Function for performing simple or Dirichlet resampling
Function for performing simple or Dirichlet resampling
The function may be used for standard bootstrapping or for subsampling, see [1]. This function allows samples to be drawn with or without replacement, by groups and with or without Dirichlet weights, see [2]. This provides a variety of options for researchers who wish to correct sample biases, estimate empirical confidence intervals, and/or subsample large data sets.
in_data: The initial data frame that must be re-sampled. It must contain:
an ID variable
the variables of interest
a grouping variable
grp_vector: The grouping variable of the data frame, defined under the name 'group' for example
grp_matrix: A matrix that contains
the variable 'Group_ID' with entries all the available values of grouping variable
the variable 'Resample_Size' with the sizes for each sample that will be created per grouping value
replace: A logical input: TRUE/FALSE if replacement should be used or not, respectively
option: A character input with next possible values
"Simple", if we want to perform a simple re-sampling
"Dirichlet", if we want to perform a Dirichlet weighted re-sampling
number_samples: The number of samples to be created. If it is greater than one, then parallel processing is used.

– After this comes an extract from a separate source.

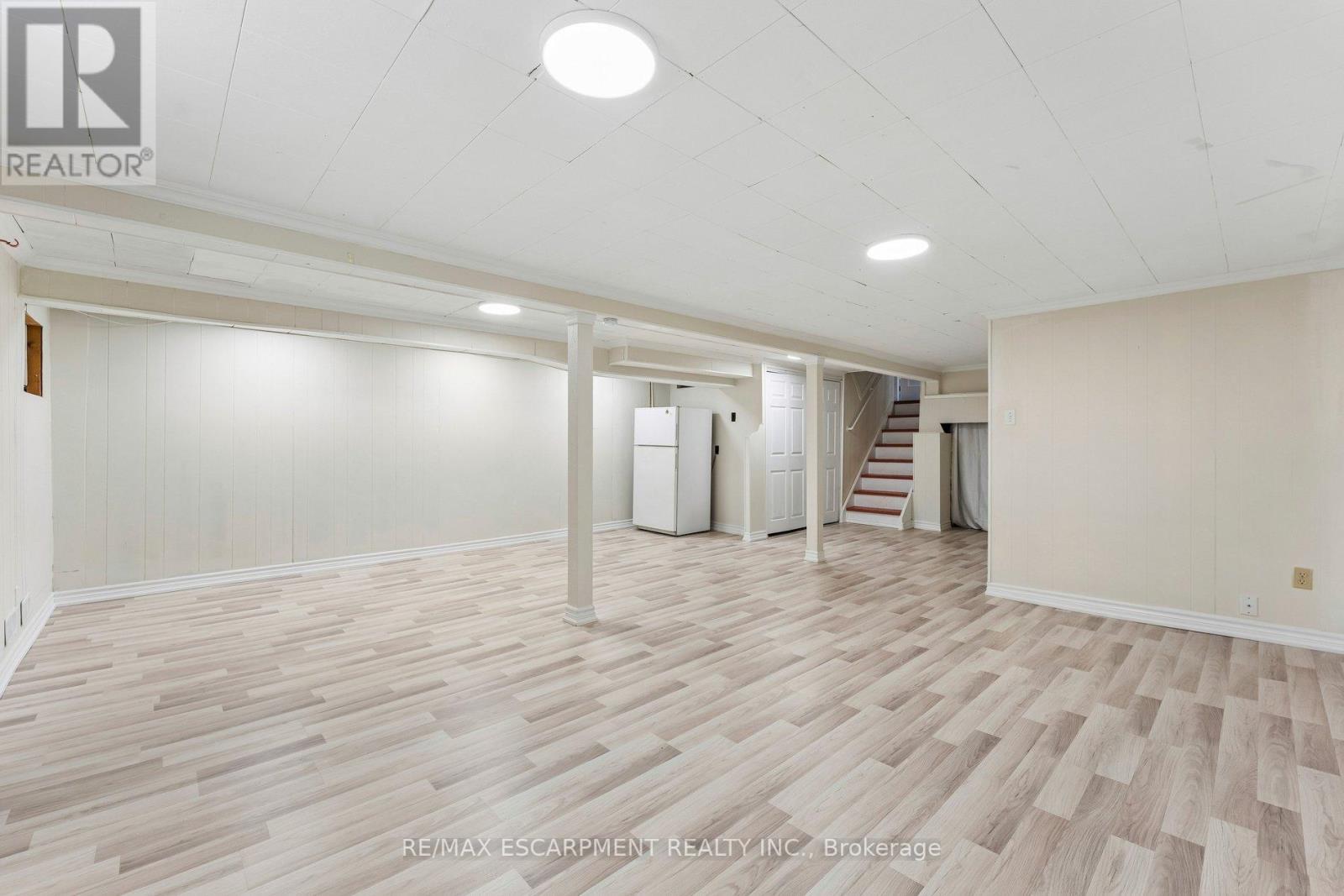 29 DEESIDE CRESCENT - 32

nworkers: The number of logical processors that will be used for parallel computing (usually it is the double of available physical cores)
rseed: The random seed that will be used for sampling. Useful for reproducible results
Returns
It returns a list of mumber_samples data frames with exactly the same variables as the initial one, except that group variable has now only the given value from input data frame.
References
[1] D. N. Politis, J. P. Romano, M. Wolf, Subsampling (Springer-Verlag, New York, 1999).